Robert Churchwell (born February 20, 1972) is an American former professional basketball player. He played collegiately for the Georgetown University.

A 6 ft 6 in, 195 lb guard/forward, he played 4 games for the National Basketball Association's Golden State Warriors in the 1995–96 season.

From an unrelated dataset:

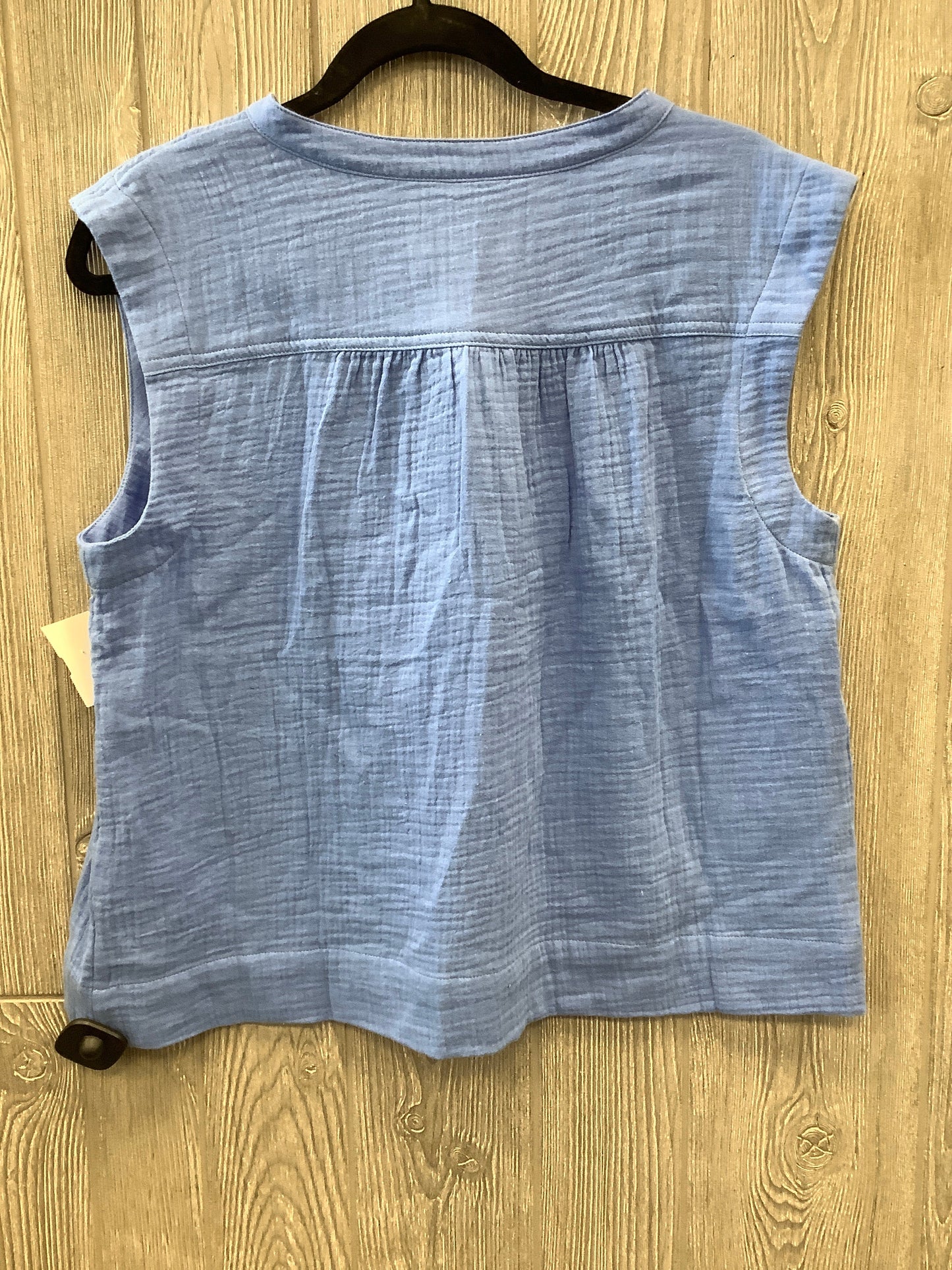 Top Sleeveless By J. Crew In Blue, Size: S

On June 14, 1994, Chris Devine of the Chicago-based company Major Broadcasting purchased the Wichita Falls Texans, a Continental Basketball Association (CBA) team in Wichita Falls, Texas. The team was moved to Chicago and renamed the "Rockers". During the 1994 CBA draft the Rockers had the eighth pick out of 16 teams. The Rockers selected Derrick Phelps from the University of North Carolina, Deon Thomas from the University of Illinois, Robert Churchwell from Georgetown University, Shon Tarver from the University of California–Los Angeles, and Kenny Williams from the University of Illinois–Chicago, respectively.[7]

The Rockers made the 1995 CBA playoffs with a 28–28 record. During the first round, Chicago defeated the Quad City Thunder in a five-game series.[18] Chicago faced the Pittsburgh Piranhas in the American Conference Finals. Pittsburgh swept Chicago three games to zero in a best-of five series.

On March 12, 1996, the Chicago Rockers announced they were moving to La Crosse, Wisconsin after the 1995–96 season. The team reached an agreement to play at the La Crosse Center, paying one year's rent in advance. They would later become known as the La Crosse Bobcats.

In 1997 he signed for Manchester Giants of the British Basketball League.

He was a Disciplinary Director at Gonzaga College High School from 2021 to 2024.